▶ _WHAT IS EXPECTED_:
Look through the entries below for the line with "câu chuyện về người phụ nữ ấy chapter 165 10" and the line with "Queer & Move, 3", then give again exactly those two lines and all lines between them, minus the pictures.

▶ _GIVEN ENTRIES_:

+++

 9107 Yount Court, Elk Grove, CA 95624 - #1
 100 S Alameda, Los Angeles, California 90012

+++

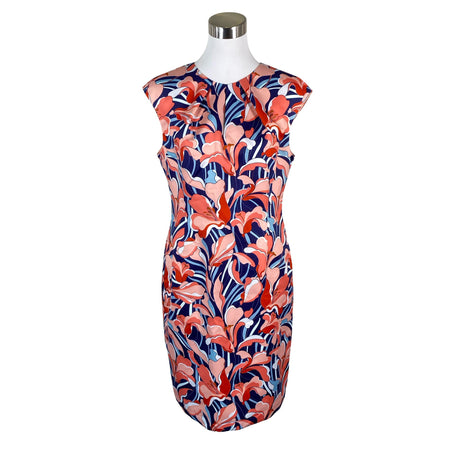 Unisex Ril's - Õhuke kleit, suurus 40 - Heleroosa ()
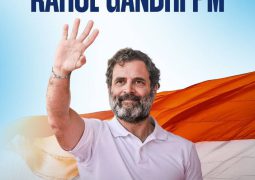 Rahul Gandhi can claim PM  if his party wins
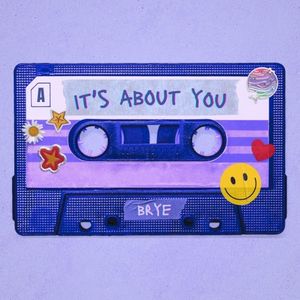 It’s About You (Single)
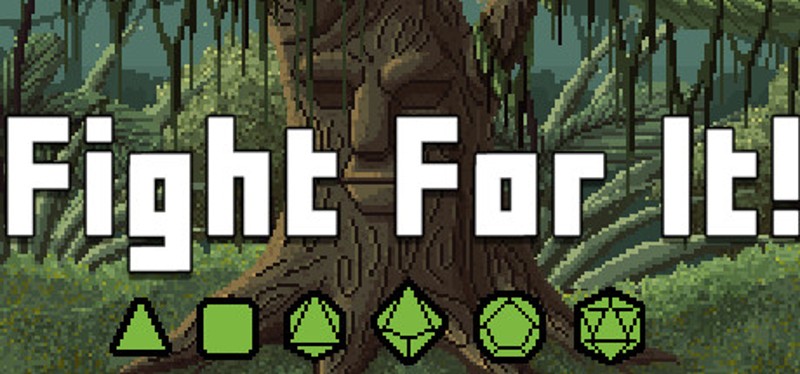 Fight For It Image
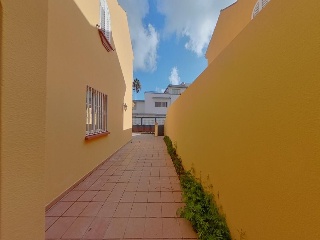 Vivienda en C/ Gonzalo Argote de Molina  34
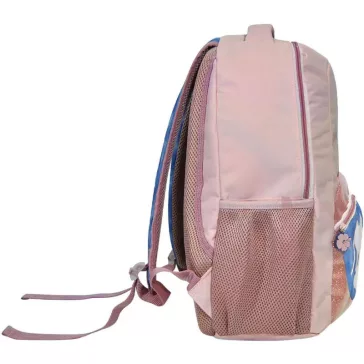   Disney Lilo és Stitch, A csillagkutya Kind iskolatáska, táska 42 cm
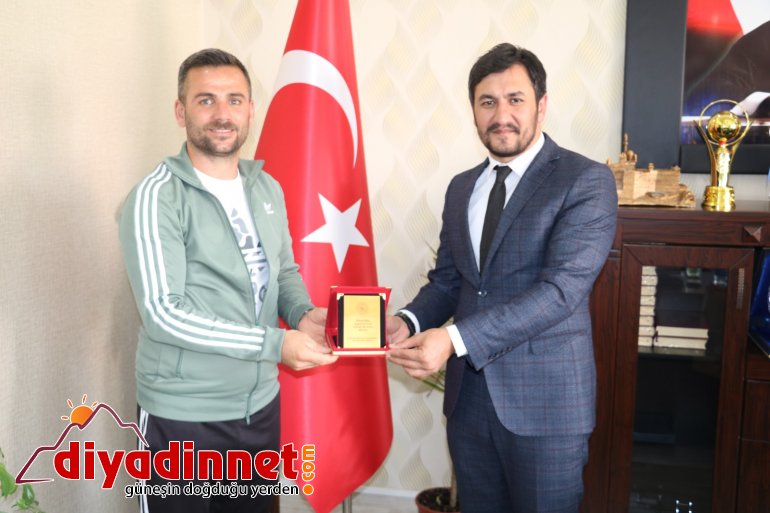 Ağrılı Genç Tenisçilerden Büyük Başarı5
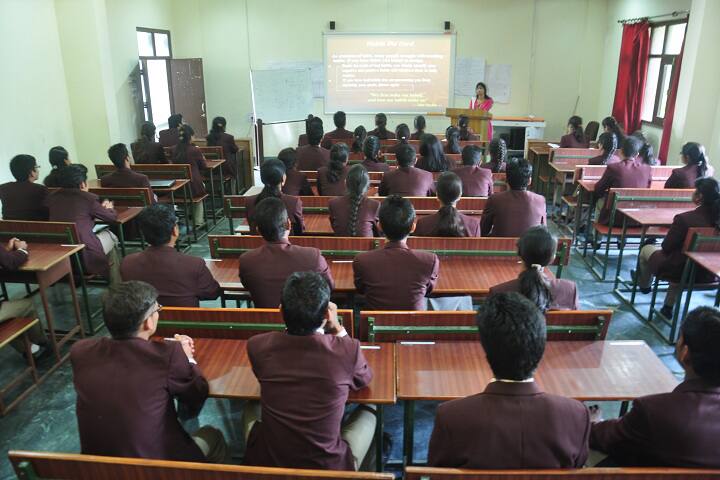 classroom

+++

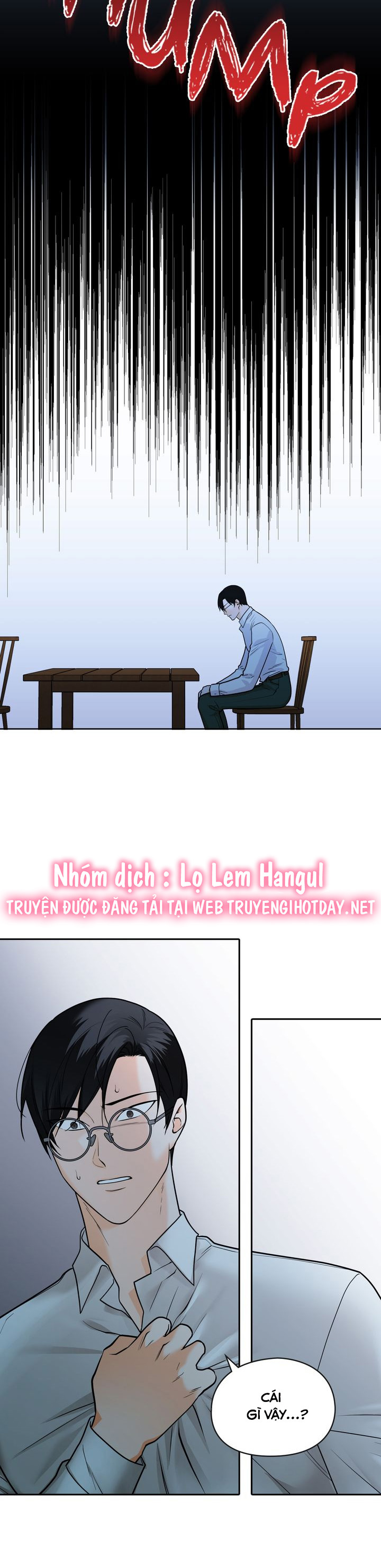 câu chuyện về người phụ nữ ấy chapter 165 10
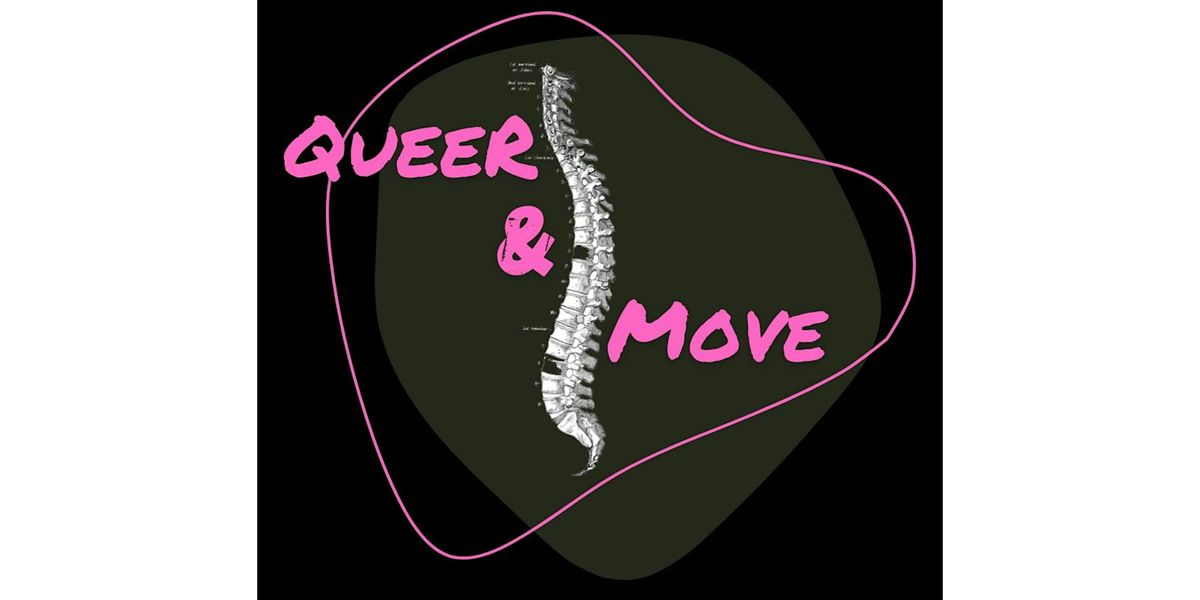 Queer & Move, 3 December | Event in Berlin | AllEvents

+++

▶ _EXPECTED OUTPUT_:
 câu chuyện về người phụ nữ ấy chapter 165 10
 Queer & Move, 3 December | Event in Berlin | AllEvents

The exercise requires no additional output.